The next connection likely to be observed would be that the interval between two day tides was not exactly a solar day of twenty-four hours, but a lunar day of fifty minutes longer. For by reason of the moon's monthly motion it lags behind the sun about fifty minutes a day, and the tides do the same, and so perpetually occur later and later, about fifty minutes a day later, or 12 hours and 25 minutes on the average between tide and tide.

A third and still more striking connection was also discovered by some of the ancient great navigators and philosophers—viz. that the time of high water at a given place at full moon is always the same, or very nearly so. In other words, the highest or spring tides always occur nearly at the same time of day at a given place. For instance, at Liverpool this time is noon and midnight. London is about two hours and a half later. Each port has its own time for receiving a given tide, and the time is called the "establishment" of the port. Look out a day when the moon is full, and you will find the Liverpool high tide occurs at half-past eleven, or close upon it. The same happens when the moon is new. A day after full or new moon the spring tides rise to their highest, and these extra high tides always occur in Liverpool at noon and at midnight, whatever the season of the year. About the equinoxes they are liable to be extraordinarily high. The extra low tides here are therefore at 6 a.m. and 6 p.m., and the 6 p.m. low tide is a nuisance to the river steamers. The spring tides at London are highest about half-past two.


It is, therefore, quite clear that the moon has to do with the tides. It and the sun together are, in fact, the whole cause of them; and the mode in which these bodies act by gravitative attraction was first made out and explained in remarkably full detail by Sir Isaac Newton. You will find his account of the tides in the second and third books of the Principia; and though the theory does not occupy more than a few pages of that immortal work, he succeeds not only in explaining the local tidal peculiarities, much as I have done to-night, but also in calculating the approximate height of mid-ocean solar tide; and from the observed lunar tide he shows how to determine the then quite unknown mass of the moon. This was a quite extraordinary achievement, the difficulty of which it is not easy for a person unused to similar discussions fully to appreciate. It is, indeed, but a small part of what Newton accomplished, but by itself it is sufficient to confer immortality upon any ordinary philosopher, and to place him in a front rank.

Fig. 110.—Whirling earth model.

To make intelligible Newton's theory of the tides, I must not attempt to go into too great detail. I will consider only the salient points. First, you know that every mass of matter attracts every other piece of matter; second, that the moon revolves round the earth, or rather that the earth and moon revolve round their common centre of gravity once a month; third, that the earth spins on its own axis once a day; fourth, that when a thing is whirled round, it tends to fly out from the centre and requires a force to hold it in. These are the principles involved. You can whirl a bucket full of water vertically round without spilling it. Make an elastic globe rotate, and it bulges out into an oblate or orange shape; as illustrated by the model shown in [Fig. 110]. This is exactly what the earth does, and Newton calculated the bulging of it as fourteen miles all round the equator. Make an elastic globe revolve round a fixed centre outside itself, and it gets pulled into a prolate or lemon shape; the simplest illustrative experiment is to attach a string to an elastic bag or football full of water, and whirl it round and round. Its prolateness is readily visible.
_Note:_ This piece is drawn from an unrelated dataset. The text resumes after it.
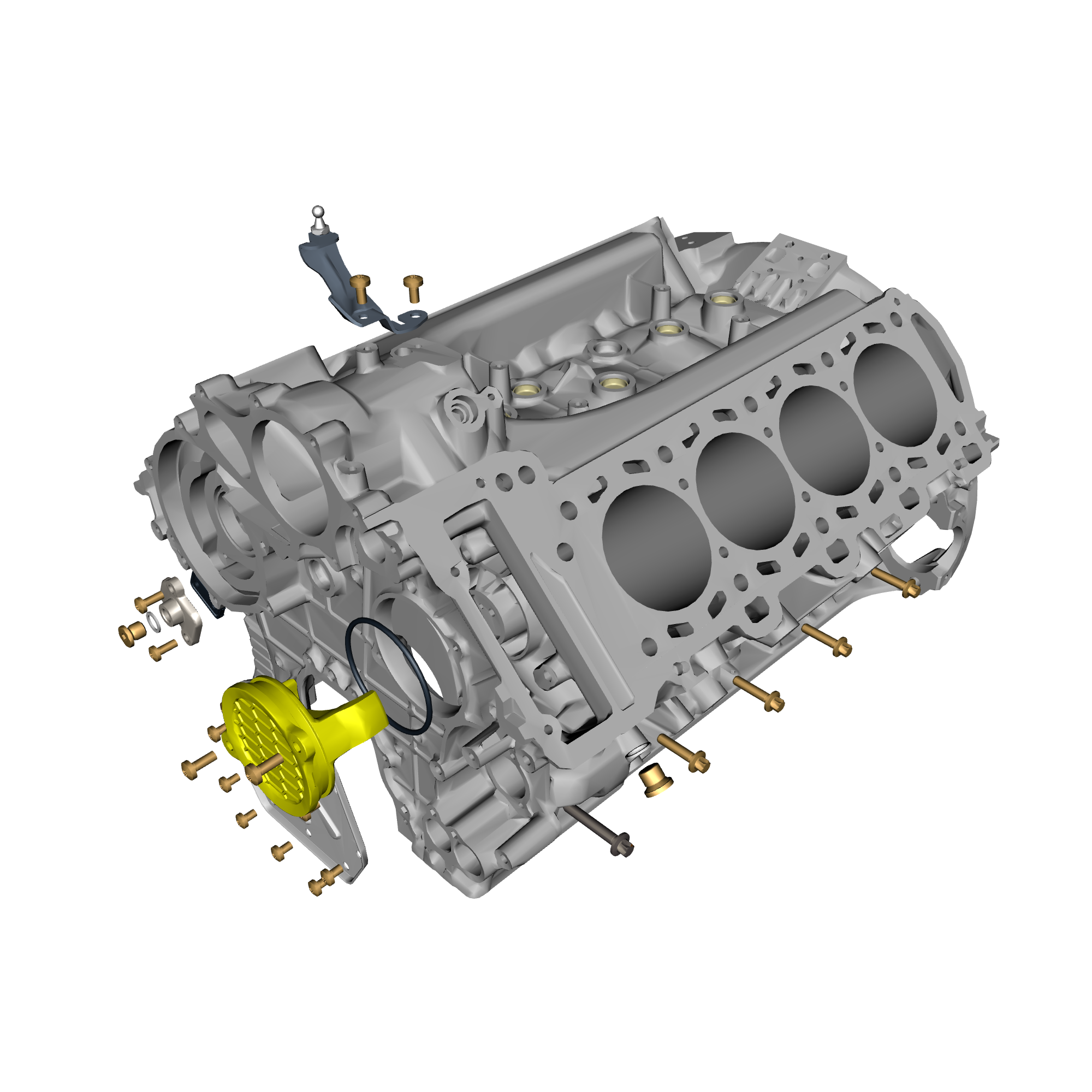 car: VANTAGE,item_no: nan,quantity: 1,reference: VANTAGE_19_PartsCatalogue-030101-10 Cylinder Block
Now consider the earth and moon revolving round each other like a man whirling a child round. The child travels furthest, but the man cannot merely rotate, he leans back and thus also describes a small circle: so does the earth; it revolves round the common centre of gravity of earth and moon (cf. [p. 212]). This is a vital point in the comprehension of the tides: the earth's centre is not at rest, but is being whirled round by the moon, in a circle about 1⁄80 as big as the circle which the moon describes, because the earth weighs eighty times as much as the moon. The effect of the revolution is to make both bodies slightly protrude in the direction of the line joining them; they become slightly "prolate" as it is called—that is, lemon-shaped. Illustrating still by the man and child, the child's legs fly outwards so that he is elongated in the direction of a radius; the man's coat-tails fly out too, so that he too is similarly though less elongated. These elongations or protuberances constitute the tides.